Le Baphomet par Bernard Marillier : Dans le domaine des "mystères templiers",

le fameux Baphomet est sans nul doute celui qui a le plus excité l'imagination de générations d'auteurs et donné lieu à un nombre considérable d'hypothèses astucieuses, surprenantes ou encore totalement délirantes.
Précisons d'abord que la question du Baphomet fut au centre du dernier chef d'accusation porté contre le Temple, puisque les Templiers étaient censés lui rendre un culte plus ou moins "démoniaque", en tout cas non chrétien, faisant d'eux des idolâtres, ce qui ne pouvait que les conduire à une mort certaine (cf. B. Marinier, B.A.BA des Templiers).
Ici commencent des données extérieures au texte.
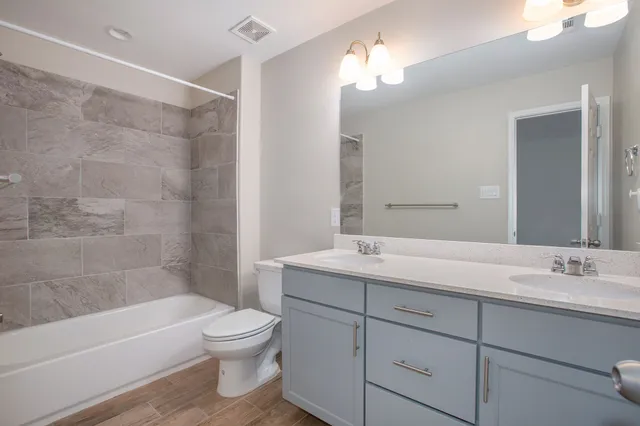 $2,100 | 17125 Wilthorne Colony Court, Houston, TX 77084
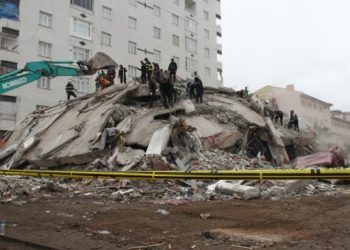 Eren: Medya insanlar can çekişirken iktidarı kolladı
Notons ensuite que ce terme n'a jamais été prononcé par les accusateurs ni par les Templiers, mais seulement sous sa forme adjectivale baphométique ou bafométique.
Le fait en revient à un frère occitan de Montpezat, Gaucerant, qui avoua avoir adoré une "image bafométique" qui, en langue d'oc, est une déformation de Mahomet, comme le prouve un poème de 1265, Ira et Dolor, E Bafomet obra de son goder, "Et Mahomet fait briller sa puissance".
Ce frère devait ignorer que l'islam prohibe le culte des images et la représentation de Dieu, ce qui n'empêcha pas les accusateurs d'y voir une "preuve", de l'adoption par le Temple de rites musulmans.
Le témoignage du frère Gaucerant n'en fut pas moins à l'origine d'un malentendu qui permit aux auteurs et occultistes des siècles suivants de bâtir le terme "Baphomet", donnant lieu à tous les fantasmes possibles et imaginables.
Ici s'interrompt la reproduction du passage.